Copy, word for word, the lines of the entries below between the one with "1 Peach Tree" and the one with "Focused woman working", inclusive, and leave out everything else.

Data shown:
[Start of section]

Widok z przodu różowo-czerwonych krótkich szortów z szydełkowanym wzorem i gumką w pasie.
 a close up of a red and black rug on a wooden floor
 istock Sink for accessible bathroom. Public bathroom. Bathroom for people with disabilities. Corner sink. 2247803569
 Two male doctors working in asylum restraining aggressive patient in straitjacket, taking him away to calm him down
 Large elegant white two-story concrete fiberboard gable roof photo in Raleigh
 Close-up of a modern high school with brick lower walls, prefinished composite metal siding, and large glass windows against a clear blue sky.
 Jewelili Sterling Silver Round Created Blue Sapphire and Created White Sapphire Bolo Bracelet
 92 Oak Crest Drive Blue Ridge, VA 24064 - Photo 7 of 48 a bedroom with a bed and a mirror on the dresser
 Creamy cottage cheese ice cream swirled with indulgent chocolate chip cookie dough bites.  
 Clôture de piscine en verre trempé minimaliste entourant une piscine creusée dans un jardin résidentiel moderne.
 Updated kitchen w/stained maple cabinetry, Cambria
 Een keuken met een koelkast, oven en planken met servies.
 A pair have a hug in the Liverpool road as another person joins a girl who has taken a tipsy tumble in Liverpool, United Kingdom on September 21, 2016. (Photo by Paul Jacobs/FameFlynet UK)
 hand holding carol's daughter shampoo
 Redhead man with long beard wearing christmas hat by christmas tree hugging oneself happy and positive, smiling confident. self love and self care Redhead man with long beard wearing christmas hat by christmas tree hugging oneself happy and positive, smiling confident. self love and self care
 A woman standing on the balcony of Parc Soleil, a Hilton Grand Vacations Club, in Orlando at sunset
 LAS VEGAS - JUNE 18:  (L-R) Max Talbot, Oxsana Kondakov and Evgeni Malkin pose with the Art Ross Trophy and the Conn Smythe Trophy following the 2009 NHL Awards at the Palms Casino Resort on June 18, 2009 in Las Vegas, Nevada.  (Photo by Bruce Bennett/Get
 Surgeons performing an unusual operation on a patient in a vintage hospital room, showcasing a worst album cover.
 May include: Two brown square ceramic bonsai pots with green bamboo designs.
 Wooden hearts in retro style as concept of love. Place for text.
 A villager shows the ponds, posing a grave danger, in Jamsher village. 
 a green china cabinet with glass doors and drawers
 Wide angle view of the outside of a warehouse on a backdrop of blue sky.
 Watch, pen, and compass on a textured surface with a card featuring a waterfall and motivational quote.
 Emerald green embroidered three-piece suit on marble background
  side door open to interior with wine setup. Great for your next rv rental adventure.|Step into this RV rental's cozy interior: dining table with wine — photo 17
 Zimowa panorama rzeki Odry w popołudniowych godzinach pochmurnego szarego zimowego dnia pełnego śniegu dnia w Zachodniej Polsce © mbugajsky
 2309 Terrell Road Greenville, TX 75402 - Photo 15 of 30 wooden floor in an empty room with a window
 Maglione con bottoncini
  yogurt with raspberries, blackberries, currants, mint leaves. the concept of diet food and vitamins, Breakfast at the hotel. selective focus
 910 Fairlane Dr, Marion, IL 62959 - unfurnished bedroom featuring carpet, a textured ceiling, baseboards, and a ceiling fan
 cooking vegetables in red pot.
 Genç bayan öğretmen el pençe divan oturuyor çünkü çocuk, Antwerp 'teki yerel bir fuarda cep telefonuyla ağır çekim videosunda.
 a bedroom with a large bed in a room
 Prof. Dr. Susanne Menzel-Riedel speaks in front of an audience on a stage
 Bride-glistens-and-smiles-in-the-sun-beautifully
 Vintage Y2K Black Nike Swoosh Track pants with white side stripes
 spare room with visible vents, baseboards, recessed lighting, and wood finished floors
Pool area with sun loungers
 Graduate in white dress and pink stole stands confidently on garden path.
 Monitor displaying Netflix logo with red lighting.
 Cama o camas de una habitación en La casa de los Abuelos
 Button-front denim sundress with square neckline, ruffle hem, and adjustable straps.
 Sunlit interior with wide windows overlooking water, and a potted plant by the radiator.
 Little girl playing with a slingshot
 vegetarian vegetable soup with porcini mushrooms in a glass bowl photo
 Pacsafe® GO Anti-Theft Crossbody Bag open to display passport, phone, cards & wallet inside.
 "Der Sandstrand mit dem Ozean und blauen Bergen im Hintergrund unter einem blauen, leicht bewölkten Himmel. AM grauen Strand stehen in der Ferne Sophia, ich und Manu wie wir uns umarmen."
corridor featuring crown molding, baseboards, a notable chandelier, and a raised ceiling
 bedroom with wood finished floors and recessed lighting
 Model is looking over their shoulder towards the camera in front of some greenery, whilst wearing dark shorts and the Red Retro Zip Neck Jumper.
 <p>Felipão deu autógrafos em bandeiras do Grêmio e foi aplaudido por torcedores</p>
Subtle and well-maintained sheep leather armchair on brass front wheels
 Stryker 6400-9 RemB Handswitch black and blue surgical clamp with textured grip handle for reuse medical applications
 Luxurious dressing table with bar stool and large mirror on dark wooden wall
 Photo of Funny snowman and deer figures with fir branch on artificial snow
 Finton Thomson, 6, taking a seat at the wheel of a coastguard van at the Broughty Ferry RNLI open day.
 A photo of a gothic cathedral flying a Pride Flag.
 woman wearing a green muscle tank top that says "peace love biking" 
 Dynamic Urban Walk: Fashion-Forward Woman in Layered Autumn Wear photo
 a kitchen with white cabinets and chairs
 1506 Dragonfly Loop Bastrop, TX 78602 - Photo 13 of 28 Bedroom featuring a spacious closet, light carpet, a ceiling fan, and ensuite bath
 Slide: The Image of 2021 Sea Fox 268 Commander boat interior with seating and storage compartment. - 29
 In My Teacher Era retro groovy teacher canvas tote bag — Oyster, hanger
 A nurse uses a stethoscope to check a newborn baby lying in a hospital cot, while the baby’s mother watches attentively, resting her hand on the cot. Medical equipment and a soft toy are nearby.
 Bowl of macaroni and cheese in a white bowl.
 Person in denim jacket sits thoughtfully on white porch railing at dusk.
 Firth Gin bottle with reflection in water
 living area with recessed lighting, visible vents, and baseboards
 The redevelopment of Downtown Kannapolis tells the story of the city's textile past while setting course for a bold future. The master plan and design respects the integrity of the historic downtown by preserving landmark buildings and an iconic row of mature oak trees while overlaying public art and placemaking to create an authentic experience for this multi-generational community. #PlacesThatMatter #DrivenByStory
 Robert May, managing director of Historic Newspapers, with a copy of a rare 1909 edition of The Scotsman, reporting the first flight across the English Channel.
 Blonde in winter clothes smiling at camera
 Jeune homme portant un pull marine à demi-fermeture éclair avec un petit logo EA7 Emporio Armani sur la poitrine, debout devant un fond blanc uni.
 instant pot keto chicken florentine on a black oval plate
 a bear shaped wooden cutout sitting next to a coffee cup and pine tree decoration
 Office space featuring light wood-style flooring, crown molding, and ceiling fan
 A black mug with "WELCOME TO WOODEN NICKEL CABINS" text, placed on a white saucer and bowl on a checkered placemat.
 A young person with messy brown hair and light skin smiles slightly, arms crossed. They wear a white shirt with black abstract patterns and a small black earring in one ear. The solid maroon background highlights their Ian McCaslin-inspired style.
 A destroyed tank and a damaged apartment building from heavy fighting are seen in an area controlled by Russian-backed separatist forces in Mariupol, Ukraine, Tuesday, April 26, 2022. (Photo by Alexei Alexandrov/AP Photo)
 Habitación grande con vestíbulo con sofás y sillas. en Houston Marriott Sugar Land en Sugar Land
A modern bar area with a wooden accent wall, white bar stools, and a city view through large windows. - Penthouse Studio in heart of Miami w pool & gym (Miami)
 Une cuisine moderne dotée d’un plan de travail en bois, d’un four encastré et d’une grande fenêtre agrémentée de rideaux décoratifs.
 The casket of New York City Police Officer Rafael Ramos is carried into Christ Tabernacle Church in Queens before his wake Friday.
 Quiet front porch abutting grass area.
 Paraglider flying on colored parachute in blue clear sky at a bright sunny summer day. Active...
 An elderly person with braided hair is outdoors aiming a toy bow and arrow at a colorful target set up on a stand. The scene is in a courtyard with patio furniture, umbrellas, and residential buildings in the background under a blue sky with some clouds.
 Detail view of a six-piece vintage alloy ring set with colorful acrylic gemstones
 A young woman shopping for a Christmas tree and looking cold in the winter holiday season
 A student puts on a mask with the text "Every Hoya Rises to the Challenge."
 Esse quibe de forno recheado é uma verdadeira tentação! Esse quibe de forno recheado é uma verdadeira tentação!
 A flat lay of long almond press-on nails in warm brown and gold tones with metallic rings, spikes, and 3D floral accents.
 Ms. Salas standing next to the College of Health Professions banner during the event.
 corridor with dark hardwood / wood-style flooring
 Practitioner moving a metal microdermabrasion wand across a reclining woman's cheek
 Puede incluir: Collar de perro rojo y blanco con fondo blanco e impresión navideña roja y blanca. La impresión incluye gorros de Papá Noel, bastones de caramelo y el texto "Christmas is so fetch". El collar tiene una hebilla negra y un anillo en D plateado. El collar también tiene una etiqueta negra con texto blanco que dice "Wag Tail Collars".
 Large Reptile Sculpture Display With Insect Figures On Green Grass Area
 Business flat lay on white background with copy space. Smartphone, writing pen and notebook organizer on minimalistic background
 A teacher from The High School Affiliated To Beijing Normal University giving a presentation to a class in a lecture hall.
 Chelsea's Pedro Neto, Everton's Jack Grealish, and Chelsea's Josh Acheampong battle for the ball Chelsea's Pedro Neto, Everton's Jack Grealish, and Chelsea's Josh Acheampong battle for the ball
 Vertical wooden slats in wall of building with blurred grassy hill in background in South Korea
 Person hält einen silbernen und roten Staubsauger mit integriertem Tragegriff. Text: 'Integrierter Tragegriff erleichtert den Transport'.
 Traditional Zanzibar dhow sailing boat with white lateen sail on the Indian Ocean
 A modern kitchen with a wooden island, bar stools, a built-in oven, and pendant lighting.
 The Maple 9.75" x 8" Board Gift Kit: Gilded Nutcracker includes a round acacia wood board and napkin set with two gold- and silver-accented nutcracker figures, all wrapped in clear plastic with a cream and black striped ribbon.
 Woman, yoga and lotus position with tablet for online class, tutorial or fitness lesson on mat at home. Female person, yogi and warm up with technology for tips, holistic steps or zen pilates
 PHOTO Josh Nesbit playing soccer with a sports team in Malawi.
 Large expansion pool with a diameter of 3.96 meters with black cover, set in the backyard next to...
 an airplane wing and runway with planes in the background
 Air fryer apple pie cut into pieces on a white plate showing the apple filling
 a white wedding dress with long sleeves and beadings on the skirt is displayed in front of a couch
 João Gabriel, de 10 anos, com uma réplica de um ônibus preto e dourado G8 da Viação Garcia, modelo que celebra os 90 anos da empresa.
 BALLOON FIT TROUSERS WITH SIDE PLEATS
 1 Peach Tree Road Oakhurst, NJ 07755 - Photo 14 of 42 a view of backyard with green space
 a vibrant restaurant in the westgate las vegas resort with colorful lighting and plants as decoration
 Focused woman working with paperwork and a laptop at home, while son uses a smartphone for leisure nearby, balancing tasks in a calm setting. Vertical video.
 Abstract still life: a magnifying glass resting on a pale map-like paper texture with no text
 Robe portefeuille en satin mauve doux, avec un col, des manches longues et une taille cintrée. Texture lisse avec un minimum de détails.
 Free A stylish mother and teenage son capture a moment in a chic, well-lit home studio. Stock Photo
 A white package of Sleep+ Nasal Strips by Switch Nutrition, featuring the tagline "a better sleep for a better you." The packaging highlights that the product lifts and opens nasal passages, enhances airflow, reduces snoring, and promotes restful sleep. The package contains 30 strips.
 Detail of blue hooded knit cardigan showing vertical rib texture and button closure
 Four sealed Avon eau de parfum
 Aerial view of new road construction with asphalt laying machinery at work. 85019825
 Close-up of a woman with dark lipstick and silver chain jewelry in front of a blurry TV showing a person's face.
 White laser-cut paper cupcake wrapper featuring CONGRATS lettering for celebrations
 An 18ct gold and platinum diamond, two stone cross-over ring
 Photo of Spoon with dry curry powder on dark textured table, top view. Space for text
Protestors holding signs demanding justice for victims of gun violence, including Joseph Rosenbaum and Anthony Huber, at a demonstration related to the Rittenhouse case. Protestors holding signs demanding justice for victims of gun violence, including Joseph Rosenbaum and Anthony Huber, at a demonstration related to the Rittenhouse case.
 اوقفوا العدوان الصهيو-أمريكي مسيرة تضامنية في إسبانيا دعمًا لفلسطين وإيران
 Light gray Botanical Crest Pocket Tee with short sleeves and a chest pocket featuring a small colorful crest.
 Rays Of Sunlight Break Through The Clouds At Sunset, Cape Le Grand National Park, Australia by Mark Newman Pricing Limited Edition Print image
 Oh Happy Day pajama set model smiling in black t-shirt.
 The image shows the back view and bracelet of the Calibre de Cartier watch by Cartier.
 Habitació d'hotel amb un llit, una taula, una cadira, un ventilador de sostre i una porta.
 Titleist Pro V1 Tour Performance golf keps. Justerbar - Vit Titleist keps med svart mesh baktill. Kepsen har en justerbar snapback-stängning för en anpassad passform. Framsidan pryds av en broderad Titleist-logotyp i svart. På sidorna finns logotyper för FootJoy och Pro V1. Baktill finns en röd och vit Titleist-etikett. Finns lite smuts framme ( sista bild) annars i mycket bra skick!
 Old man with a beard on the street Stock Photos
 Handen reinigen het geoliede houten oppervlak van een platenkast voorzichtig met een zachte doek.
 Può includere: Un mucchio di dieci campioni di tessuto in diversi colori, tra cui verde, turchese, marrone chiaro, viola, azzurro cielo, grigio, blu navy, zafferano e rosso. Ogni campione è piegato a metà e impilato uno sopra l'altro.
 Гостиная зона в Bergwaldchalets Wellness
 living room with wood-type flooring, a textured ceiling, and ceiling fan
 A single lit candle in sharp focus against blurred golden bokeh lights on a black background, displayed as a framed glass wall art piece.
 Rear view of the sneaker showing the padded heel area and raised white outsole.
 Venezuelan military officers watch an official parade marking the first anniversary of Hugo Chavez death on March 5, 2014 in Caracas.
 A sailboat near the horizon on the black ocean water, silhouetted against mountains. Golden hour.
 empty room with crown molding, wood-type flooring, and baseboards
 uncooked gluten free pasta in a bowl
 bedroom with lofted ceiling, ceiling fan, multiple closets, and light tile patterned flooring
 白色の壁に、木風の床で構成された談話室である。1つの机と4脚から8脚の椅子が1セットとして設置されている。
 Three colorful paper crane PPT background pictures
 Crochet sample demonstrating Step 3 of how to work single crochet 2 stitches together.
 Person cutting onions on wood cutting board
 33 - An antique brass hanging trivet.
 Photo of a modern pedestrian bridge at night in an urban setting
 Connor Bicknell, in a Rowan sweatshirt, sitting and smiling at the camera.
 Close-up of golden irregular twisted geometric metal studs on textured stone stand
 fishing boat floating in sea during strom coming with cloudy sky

[End of section]

Solution to this exercise:
 1 Peach Tree Road Oakhurst, NJ 07755 - Photo 14 of 42 a view of backyard with green space
 a vibrant restaurant in the westgate las vegas resort with colorful lighting and plants as decoration
 Focused woman working with paperwork and a laptop at home, while son uses a smartphone for leisure nearby, balancing tasks in a calm setting. Vertical video.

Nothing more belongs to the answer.